TÜRMOB Lideri Emre Kartaloğlu: Vergi barışına muhtaçlık var
Genel olarak vergi afları ve ödeme kolaylıkları üzere düzenlemelerin vergilerini nizamlı ödeyen mükellefler nezdinde olumsuz bir algısı olsa da bütün dünyada genel kabul gören unsur büyük kriz periyotlarından sonra bu cins düzenlemelere muhtaçlık duyulduğu istikametinde. Türkiye iktisadı bilhassa ikinci çeyrekte resmi datalara nazaran yaklaşık yüzde 10 oranında küçüldü. Öteki taraftan döviz kurlarındaki artış nedeniyle yurtdışından ithal edilen malların fiyatlarında artışlar oldu ve cari ve/veya geçmiş periyotta yabancı para üzerinden yapılan borçlanmalar münasebetiyle büyük işletmelerin çoğunluğu ikinci süreksiz vergi devrinde bilançolarını ziyanla kapattı. GSYH’nın küçülmesinin bir tesiri kamu maliyesi açısından vergi gelirlerinde azalma sonucu getirdi.

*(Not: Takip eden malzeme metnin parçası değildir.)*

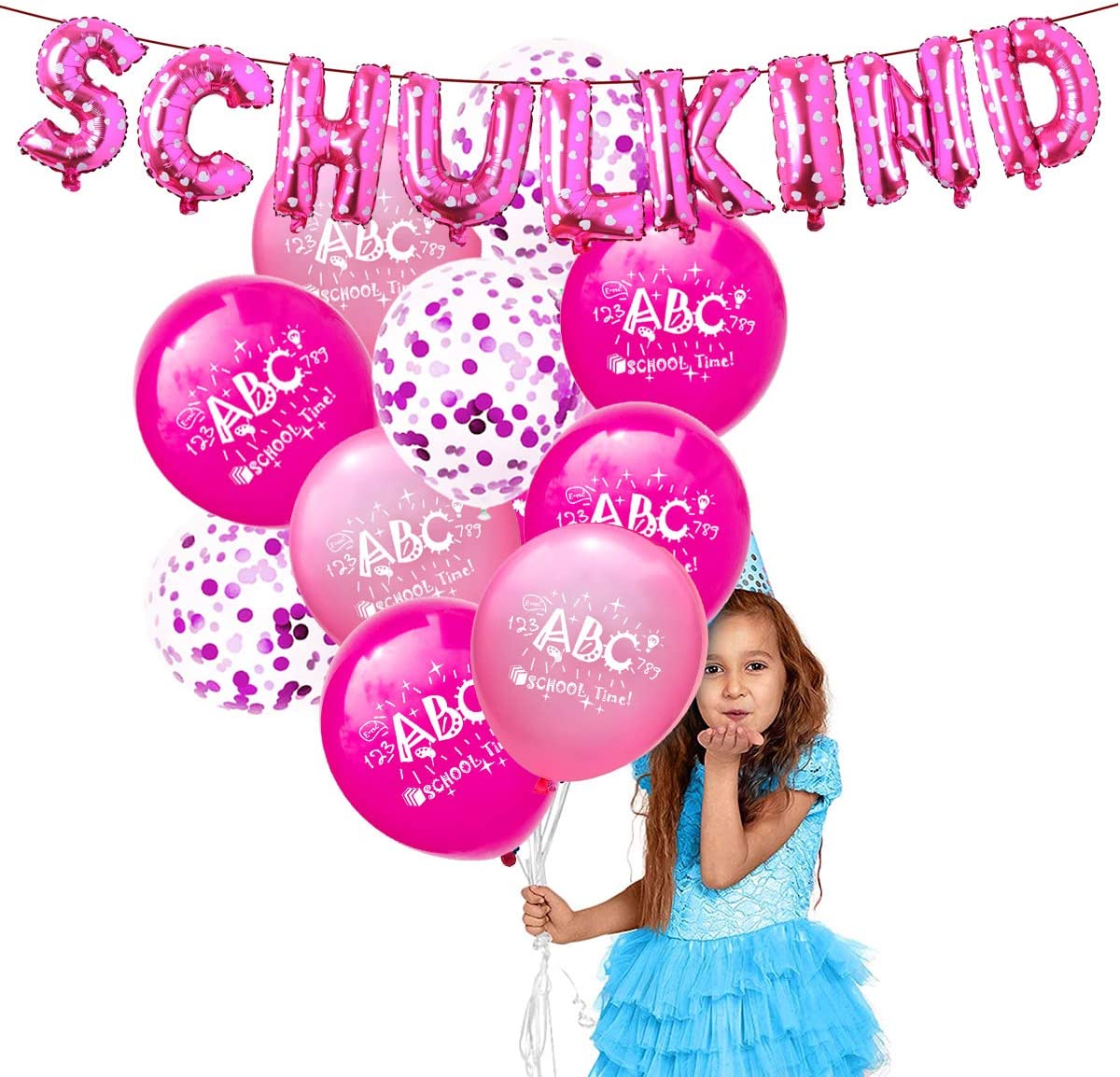 iZoeL Schuleinführung Schulanfang Einschulung SCHULKIND foil balloons rose latex balloons for girls 380-2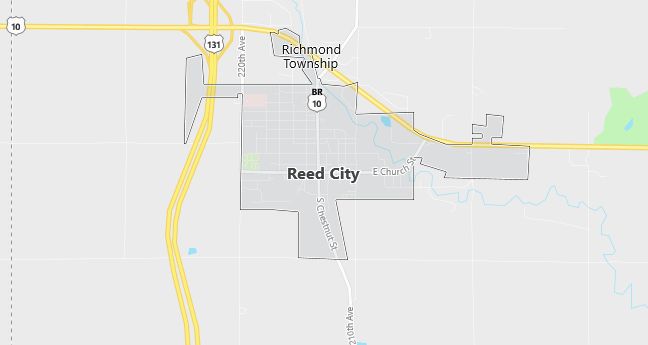 Map of Reed City, MI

Hasebiyle bu iktisadi şartlarda bir taraftan cari periyotlara ilişkin vergi ödemeleri öbür taraftan mart, nisan ve mayıs aylarına ait vergi ödemeleri ile faizsiz kredi ödemelerinin geri ödenmeye başlaması ve iktisadın şimdi tam olarak toparlanmamış olması münasebetiyle mükellefleri ödemelerinde zorluklar yaşayacaklardır.
Kâr hissesi yasakları da kapsamda olmalı
Ödeme yapılamaması halinde gecikme artırımlarının devreye girmesi, haciz uygulamalarının artması üzere durumlar dikkate alındığında devlet ile mükellefler ortasında ihtilafların artmaması için bir vergi barışına, vergi borçlarının ödenmesine kolaylık sağlanmasına ait kapsamlı bir düzenlemeye muhtaçlık duyulduğu açık.
Öbür taraftan sermaye şirketlerinde 30 Eylül 2020 tarihine kadar makul şartlarda kâr hissesi dağıtım yasağı da getirilmişti. Bu nedenle düzenlemenin geniş kapsamlı olması ve sıkıntı günlerde işletmeden kâr hisselerini dahi çekmelerine ait kısıtlamalara uyamayan mükellefleri de kapsaması önerilmektedir.